(Beginning of Records for the exercise)

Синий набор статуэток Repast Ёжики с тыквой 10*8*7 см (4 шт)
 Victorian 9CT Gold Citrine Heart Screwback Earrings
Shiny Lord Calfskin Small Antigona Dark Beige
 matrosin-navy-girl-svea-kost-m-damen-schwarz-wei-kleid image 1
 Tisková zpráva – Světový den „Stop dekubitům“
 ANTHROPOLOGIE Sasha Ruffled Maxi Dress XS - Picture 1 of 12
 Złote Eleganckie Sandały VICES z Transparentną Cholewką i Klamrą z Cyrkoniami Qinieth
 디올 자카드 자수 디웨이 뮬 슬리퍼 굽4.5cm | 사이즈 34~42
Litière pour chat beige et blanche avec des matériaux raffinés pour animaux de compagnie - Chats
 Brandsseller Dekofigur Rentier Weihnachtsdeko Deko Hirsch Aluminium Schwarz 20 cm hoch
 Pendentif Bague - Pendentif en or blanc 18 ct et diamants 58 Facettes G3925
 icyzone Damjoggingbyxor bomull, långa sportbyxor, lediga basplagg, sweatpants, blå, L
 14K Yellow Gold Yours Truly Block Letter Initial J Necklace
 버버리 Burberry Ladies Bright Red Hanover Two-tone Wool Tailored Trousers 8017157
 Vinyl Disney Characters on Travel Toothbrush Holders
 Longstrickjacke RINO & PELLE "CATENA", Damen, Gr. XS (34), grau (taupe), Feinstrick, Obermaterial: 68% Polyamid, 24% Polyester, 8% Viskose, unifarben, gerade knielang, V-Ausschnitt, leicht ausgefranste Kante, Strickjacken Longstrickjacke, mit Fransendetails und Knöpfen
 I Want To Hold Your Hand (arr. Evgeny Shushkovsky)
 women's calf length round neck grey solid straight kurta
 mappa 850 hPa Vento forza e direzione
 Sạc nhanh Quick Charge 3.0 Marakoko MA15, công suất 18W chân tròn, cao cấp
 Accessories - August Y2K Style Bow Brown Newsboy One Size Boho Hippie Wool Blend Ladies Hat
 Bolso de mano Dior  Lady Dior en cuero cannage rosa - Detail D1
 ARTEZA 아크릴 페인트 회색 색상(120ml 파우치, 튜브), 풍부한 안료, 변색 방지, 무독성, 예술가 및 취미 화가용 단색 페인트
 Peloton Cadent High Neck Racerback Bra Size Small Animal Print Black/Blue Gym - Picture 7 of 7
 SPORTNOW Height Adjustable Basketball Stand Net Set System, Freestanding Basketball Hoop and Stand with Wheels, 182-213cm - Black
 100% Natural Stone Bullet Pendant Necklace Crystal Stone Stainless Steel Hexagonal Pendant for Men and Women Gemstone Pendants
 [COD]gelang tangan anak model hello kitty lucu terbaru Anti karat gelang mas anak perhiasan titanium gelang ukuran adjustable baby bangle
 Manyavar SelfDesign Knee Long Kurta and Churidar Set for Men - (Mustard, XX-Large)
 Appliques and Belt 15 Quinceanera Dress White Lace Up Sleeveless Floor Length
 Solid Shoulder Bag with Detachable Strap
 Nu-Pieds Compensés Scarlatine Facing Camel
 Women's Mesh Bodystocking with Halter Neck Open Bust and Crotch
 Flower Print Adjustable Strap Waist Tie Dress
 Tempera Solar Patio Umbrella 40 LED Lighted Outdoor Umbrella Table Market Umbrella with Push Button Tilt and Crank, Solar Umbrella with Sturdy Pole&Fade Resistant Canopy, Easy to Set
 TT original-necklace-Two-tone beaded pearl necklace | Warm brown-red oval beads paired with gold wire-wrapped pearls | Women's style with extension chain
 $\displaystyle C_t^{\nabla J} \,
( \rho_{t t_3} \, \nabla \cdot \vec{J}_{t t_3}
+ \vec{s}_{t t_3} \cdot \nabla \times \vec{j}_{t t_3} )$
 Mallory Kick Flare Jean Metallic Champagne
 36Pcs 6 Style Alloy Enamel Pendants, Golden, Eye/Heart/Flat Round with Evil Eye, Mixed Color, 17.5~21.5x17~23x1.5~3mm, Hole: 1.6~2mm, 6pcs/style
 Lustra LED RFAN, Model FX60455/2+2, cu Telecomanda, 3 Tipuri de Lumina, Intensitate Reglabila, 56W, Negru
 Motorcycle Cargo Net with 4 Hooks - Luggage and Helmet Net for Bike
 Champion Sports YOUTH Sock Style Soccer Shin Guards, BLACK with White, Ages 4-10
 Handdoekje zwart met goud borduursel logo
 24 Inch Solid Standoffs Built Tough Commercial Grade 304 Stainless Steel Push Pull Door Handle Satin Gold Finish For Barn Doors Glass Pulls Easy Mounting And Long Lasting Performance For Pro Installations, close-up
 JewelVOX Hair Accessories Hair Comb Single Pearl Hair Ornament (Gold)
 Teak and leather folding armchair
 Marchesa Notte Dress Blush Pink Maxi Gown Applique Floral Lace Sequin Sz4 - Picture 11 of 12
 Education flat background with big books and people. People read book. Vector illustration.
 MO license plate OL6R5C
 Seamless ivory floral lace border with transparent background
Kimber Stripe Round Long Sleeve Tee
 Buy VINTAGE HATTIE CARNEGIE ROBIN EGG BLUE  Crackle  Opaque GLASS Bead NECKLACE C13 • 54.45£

(End of Records for the exercise)

Instructions to follow >>
Reproduce exactly the lines of the records above from the one with "Pendentif Bague - Pendentif" to the one with "Tempera Solar Patio", both included, and leave out everything else.

The completed task >>
 Pendentif Bague - Pendentif en or blanc 18 ct et diamants 58 Facettes G3925
 icyzone Damjoggingbyxor bomull, långa sportbyxor, lediga basplagg, sweatpants, blå, L
 14K Yellow Gold Yours Truly Block Letter Initial J Necklace
 버버리 Burberry Ladies Bright Red Hanover Two-tone Wool Tailored Trousers 8017157
 Vinyl Disney Characters on Travel Toothbrush Holders
 Longstrickjacke RINO & PELLE "CATENA", Damen, Gr. XS (34), grau (taupe), Feinstrick, Obermaterial: 68% Polyamid, 24% Polyester, 8% Viskose, unifarben, gerade knielang, V-Ausschnitt, leicht ausgefranste Kante, Strickjacken Longstrickjacke, mit Fransendetails und Knöpfen
 I Want To Hold Your Hand (arr. Evgeny Shushkovsky)
 women's calf length round neck grey solid straight kurta
 mappa 850 hPa Vento forza e direzione
 Sạc nhanh Quick Charge 3.0 Marakoko MA15, công suất 18W chân tròn, cao cấp
 Accessories - August Y2K Style Bow Brown Newsboy One Size Boho Hippie Wool Blend Ladies Hat
 Bolso de mano Dior  Lady Dior en cuero cannage rosa - Detail D1
 ARTEZA 아크릴 페인트 회색 색상(120ml 파우치, 튜브), 풍부한 안료, 변색 방지, 무독성, 예술가 및 취미 화가용 단색 페인트
 Peloton Cadent High Neck Racerback Bra Size Small Animal Print Black/Blue Gym - Picture 7 of 7
 SPORTNOW Height Adjustable Basketball Stand Net Set System, Freestanding Basketball Hoop and Stand with Wheels, 182-213cm - Black
 100% Natural Stone Bullet Pendant Necklace Crystal Stone Stainless Steel Hexagonal Pendant for Men and Women Gemstone Pendants
 [COD]gelang tangan anak model hello kitty lucu terbaru Anti karat gelang mas anak perhiasan titanium gelang ukuran adjustable baby bangle
 Manyavar SelfDesign Knee Long Kurta and Churidar Set for Men - (Mustard, XX-Large)
 Appliques and Belt 15 Quinceanera Dress White Lace Up Sleeveless Floor Length
 Solid Shoulder Bag with Detachable Strap
 Nu-Pieds Compensés Scarlatine Facing Camel
 Women's Mesh Bodystocking with Halter Neck Open Bust and Crotch
 Flower Print Adjustable Strap Waist Tie Dress
 Tempera Solar Patio Umbrella 40 LED Lighted Outdoor Umbrella Table Market Umbrella with Push Button Tilt and Crank, Solar Umbrella with Sturdy Pole&Fade Resistant Canopy, Easy to Set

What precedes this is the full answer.